SABAP2 progress in the mini-projects in the Four Degree centred on Gauteng
The importance of Greater Gauteng to SABAP2 lies in the fact that this is the economic driver of South Africa. This is where the pace of change is greatest, this is where the rate of habitat transformation is going to be highest, and therefore where the losses of birds are predictably the widest and our concerns about the future of birds are deepest.
Therefore it is privilege to be able to report on the progress with the two key SABAP2 mini-projects in this region. A couple of years ago, Etienne Marais had the idea of putting a big rectangle around the area of particular interest, and the famous Four Degrees Green Project was launched. All 576 pentads in the four one degree grid cells were changed to GREEN on the coverage map; in other words every single pentad had four or more checklists. Last year, Koos Pauw had the idea of making the entire area DARK GREEN, ie having seven checklists. We put some constraints on him, and said we would be happy with 80% DARK GREEN. This 80% target was duly reached by the end of last year.
Koos and team asked that the DARK GREEN project stay on the SABAP2 website, because they really wanted to work towards the ultimate goal of 100% DARK GREEN. Currently 538 of the 576 pentads are DARK GREEN (93.4%), and only another 74 checklists are needed to reach 100%. Getting checklists for many of these is a challenge to ingenuity. Well done, Koos.
And at the start of the year, we set ourselves the objective of getting 80% of the four degrees to GREEN in 2012, and dubbed this the 4DG 2012–80% challenge. It now looks like we set our sights a bit too high. At the moment, 447 of the pentads have at least one list (77.6%) and 140 (24.3%, nearly a quarter) have met the target of four or more checklists. There is a table on the home page of the website that shows the exact progress continuously. If atlasers did fourth checklists for the 57 pentads currently with three checklists, and third and fourth lists for the 109 pentads that now have two checklists, we would have GREENed more than half the pentads in the famous Four Degrees. Maybe a big burst of effort during the last three months of the year will see us close to the 80% target. We should also focus on getting at least one checklist in the 129 pentads that do not as yet have any.

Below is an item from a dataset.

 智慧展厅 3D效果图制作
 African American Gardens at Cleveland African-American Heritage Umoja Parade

I would like to do this again next year, 2013, and in every successive year. If we can achieve really good coverage of this area (and the areas around the other cities of South Africa) on an annual basis, we can devise early warning systems to detect changes in bird species composition, and try to take management intervention before it is too late. SABAP2 is the most important bird conservation project of all.

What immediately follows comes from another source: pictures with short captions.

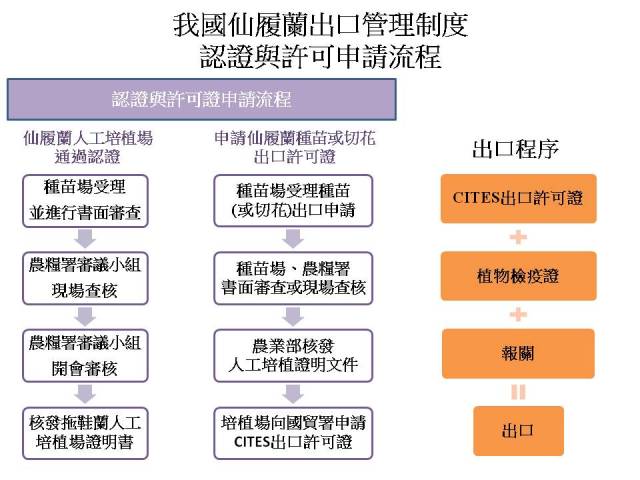 Fig3. Taiwan’s Paphiopedilum Export Management Process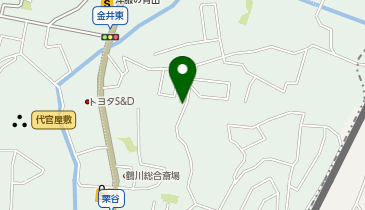 【予約制】akippa 町田市金井ヶ丘4丁目 駐車場の地図画像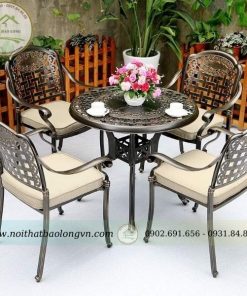 Bộ bàn ghế nhôm đúc cao cấp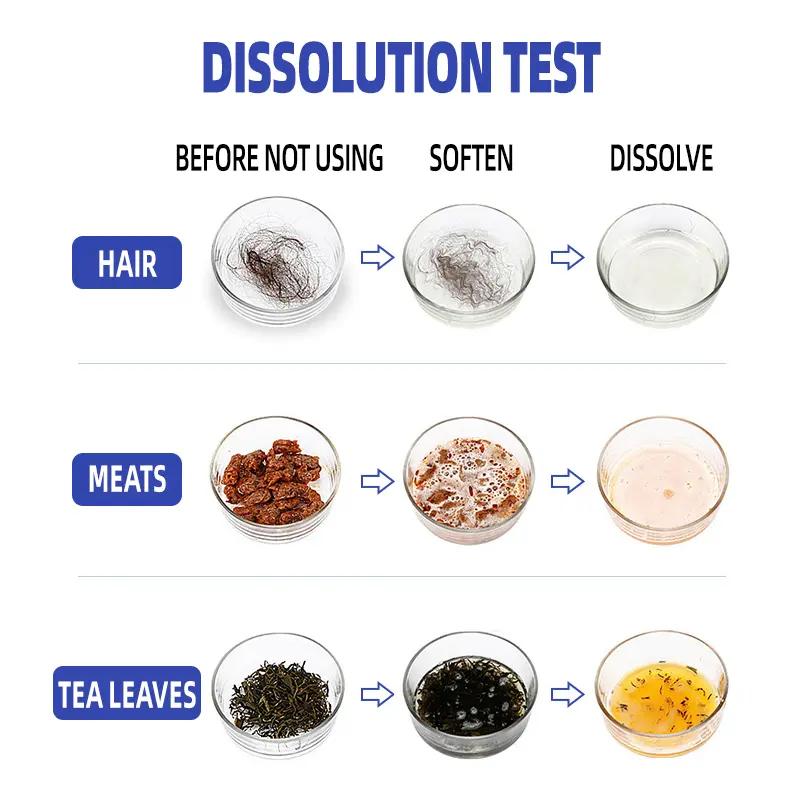 PICKZONE PIPE BOBO Drain Unclogger for Kitchen Shower & Tub Drains Safe for All Pipes Fast Acting Household Formula All Purpose Cleaner Garbage Disposal Cleaner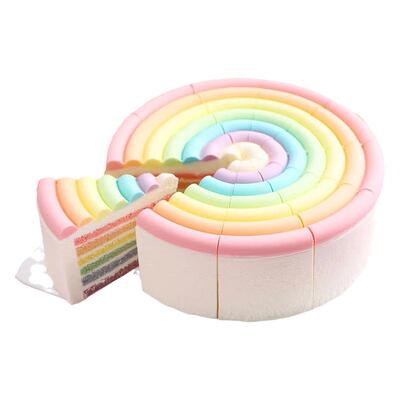 彩虹芝士蛋糕冷冻慕斯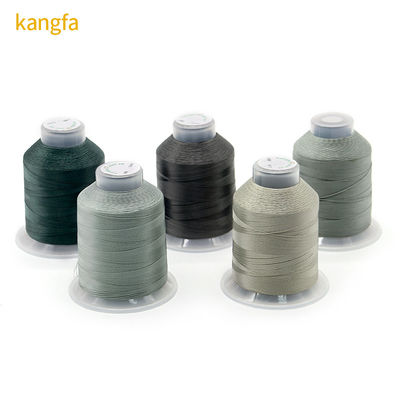 Cone de plástico 1250M longitud de hilo de nylon para zapatos 210D cuero de costura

The maps in this news item are the new maps which show how many checklists we have for each pentad. On the website, you go to "Coverage maps" and then click on the lines marked "new" in the left hand side menu. You will need to click on the map once (or twice) to download the full size version with the numbers in the pentads. These two maps show the Four Degree region, plus a border of one pentad all round, for the Four Degrees. The top map shows progress with the 4DG 2012–80% challenge, and the bottom map shows how close the DARK GREEN challenge is to meeting its goal.